Navy warships sitting ducks at sea
*May 16, 2007 *
Vishal Thapar
New Delhi: The Comptroller and Auditor General says four frontline warships recently acquired by the Indian Navy are sitting ducks for enemy submarines.
The latest CAG has put a question mark over the Naval fleet’s battle worthiness and says the warships were recently inducted into the Navy without Sonar capability.
This suggests that these mighty ships have little or no capability to detect submarines. The reference is to the three Talwar class stealth frigates and the guided-missile destroyer, INS Mumbai.
The auditor’s view of Defence Procurement is that India is not getting its money’s worth.
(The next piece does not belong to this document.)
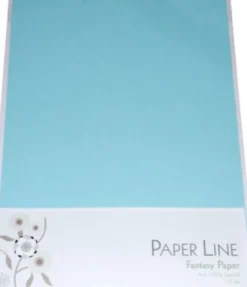 Karton - A4 - Lyseblå - 10 Ark - 180 G - Fantasy Paper - Paper Line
And worse, it’s being done in a way that could gravely compromise national security.
The reason for the lack of Sonars on these ships is a familiar one: the DRDO promised and then failed to deliver.
Meanwhile, the Navy is putting up a brave face.
“If it was commissioned without the Sonar capability then I will be very surprised. But if it was not contemporaray then I think in the Indian Ocean, the Navy can live with it,” says Defence Analyst, Commodore Ranjit Rai.
But that’s not all. The Rs 673 crore programme for upgrading India’s maritime reconnaissance capability is a dud, the CAG concludes.
The upgraded Ilyushin-38 aircraft are defenceless, flying without the avionics and weapon systems needed for warfare at sea.
Contracts for anti-ship missiles and torpedos and sonobuoys for detecting submarines have not been signed even six years after the project was initiated.
So is the Indian Naval muscle fake? The CAG has stirred the pot and the jury is out.